You can’t help feeling a sense of awe when encountering Tyron Cooper. Cooper is a man of extraordinary talents, possessing a masterful skill on the guitar and a rich, expressive singing voice. Words by Kyle Long, adapted from NOTE Magazine.
Film Scores: A Bigger Tent for Creativity
Cooper is also an accomplished academic and currently serves as both an associate professor of African American and African Diaspora Studies at Indiana University, and the director of the school’s Archives of African American Music and Culture. Over the last decade, Cooper has added another dimension to his work, as a four-time Emmy winning composer for PBS.
Scoring was not an early aspiration for Cooper, who grew up performing gospel music with his family band The Cooper Singers. Cooper recalls that the opportunity to film scores happened entirely by chance, “I was appearing in a documentary about the opera singer Angela Brown. That’s when I met WFYI producers Clayton Taylor and Bob Williams.
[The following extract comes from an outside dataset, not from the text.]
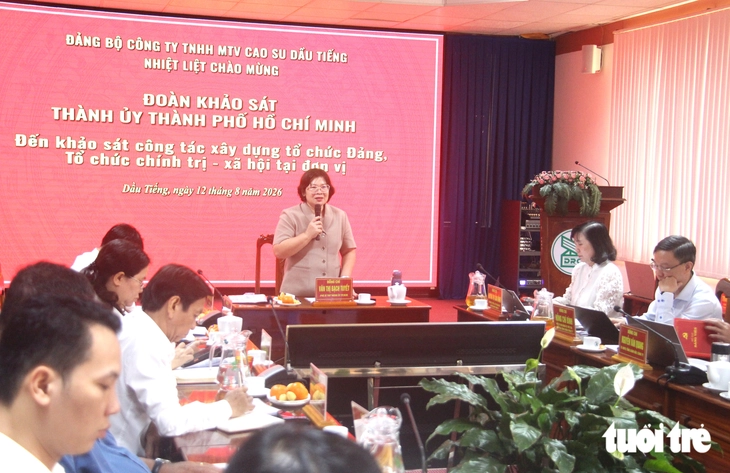 Phó bí thư Thành ủy TP.HCM Văn Thị Bạch Tuyết làm việc với Cao su Dầu Tiếng - Ảnh 1.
After that project they asked if I was interested in scoring.” Cooper was indeed interested, and he developed a strong relationship with WFYI that lead to scoring an acclaimed list of projects that includes Attucks: The School That Opened a City and Eva A-7063.
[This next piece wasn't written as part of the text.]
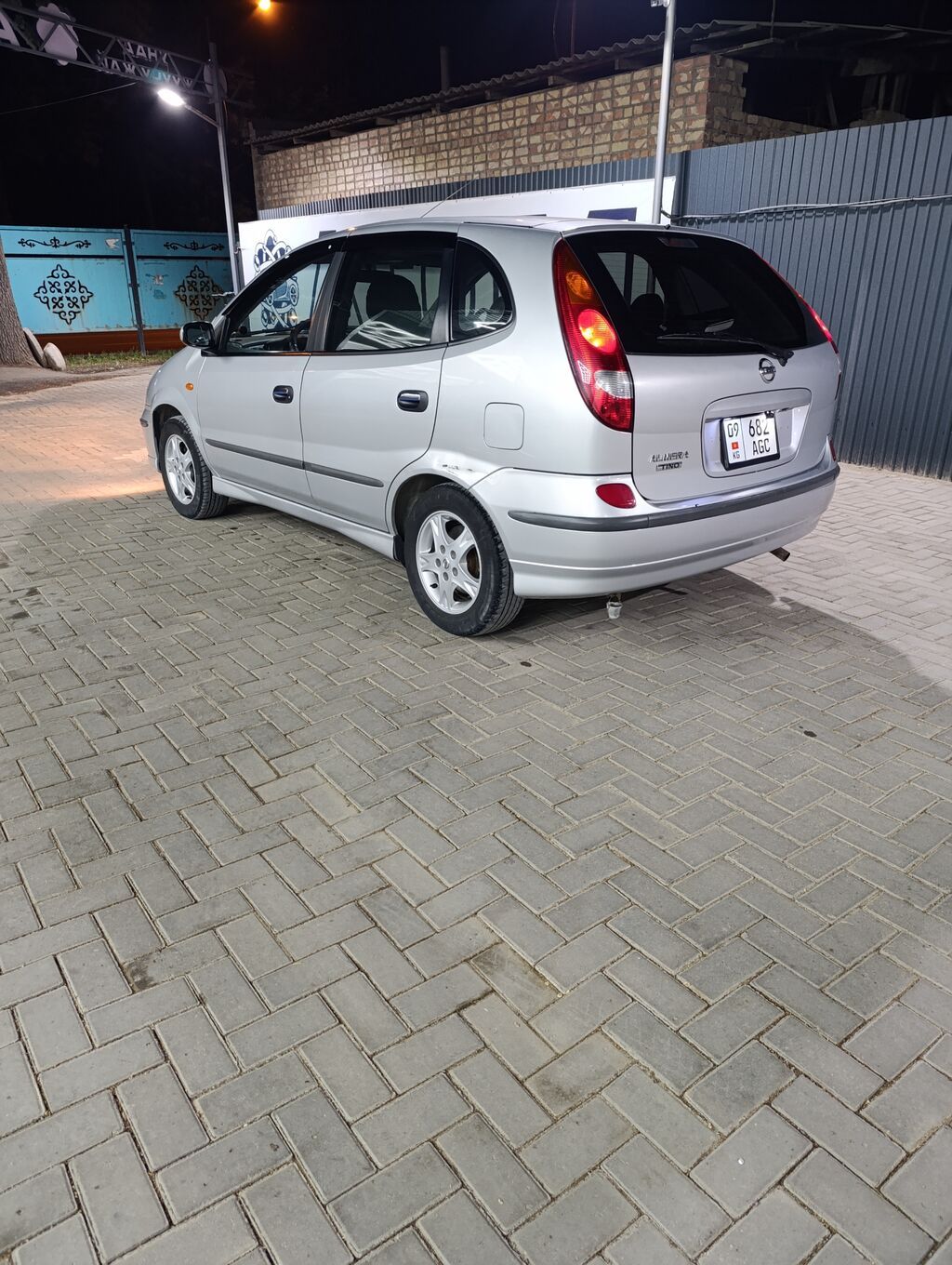 Nissan Tino: 2005 г., 1.8 л, Механика, Бензин, Минивэн: фото 8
NOTE recently spoke with Cooper to learn more about his work composing music for films.
What attracted you to scoring films?
The first project that I did was for WFYI, scoring a theme for the documentary Open Door: China in Indiana. That project really sparked a strong curiosity in me, in regard to scoring being a space where I could learn about other communities.
Scoring is one of the best ways I’ve found to engage with other people- and on their terms. You have to buy into their narrative from a sociopolitical and sociocultural perspective. You have to understand the nuances of how other people go about life and put all that into some kind of sonic representation. So, scoring really requires you to engage the community on a deeper level.
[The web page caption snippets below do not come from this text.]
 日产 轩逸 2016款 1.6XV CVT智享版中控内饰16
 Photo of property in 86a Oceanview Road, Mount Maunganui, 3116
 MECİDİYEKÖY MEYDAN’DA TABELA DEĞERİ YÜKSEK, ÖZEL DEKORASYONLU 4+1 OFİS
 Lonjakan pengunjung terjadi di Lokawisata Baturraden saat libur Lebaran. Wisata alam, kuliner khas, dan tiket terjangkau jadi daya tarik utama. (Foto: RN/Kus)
In recent years, there’s been an increased scrutiny and criticism of the of the film industry’s lack of diversity. Any thought’s you’d like to share regarding the lack of opportunity for black composers in the film industry?
If you follow historical trends in the broader entertainment industry, African Americans have always been situated on the margins, while at the same time doing much of the definitive work in creating the sounds, textures, and styles that now give definition to the entertainment industry. For example, if you think about the emergence of rhythm and blues and how that evolved into rock and roll, and how many African American artists have not received the credit that was due to them.
So, there’s always been his type of alternative trajectory for African American artists in the entertainment industry. I believe we’ve made some progress, but there’s much more to do.
You have a lot of identities as a musician. How has scoring films impacted other aspects of your creative work?
For me, film scoring started out as a compartmental creative zone. But over time I realized that the ideals behind film scoring, in terms of being really broad in your creative thinking, started seeping into my musical language in general. I’m now far more open to new ways of approaching musical creativity.
I often think about film scoring as being a portal for me to enter the lives of other people, and how I think about the responsibility I have in being trusted to elevate those said lives through musical interpretation. So, I’m always thinking about what people might say when they hear the sounds I use to represent them.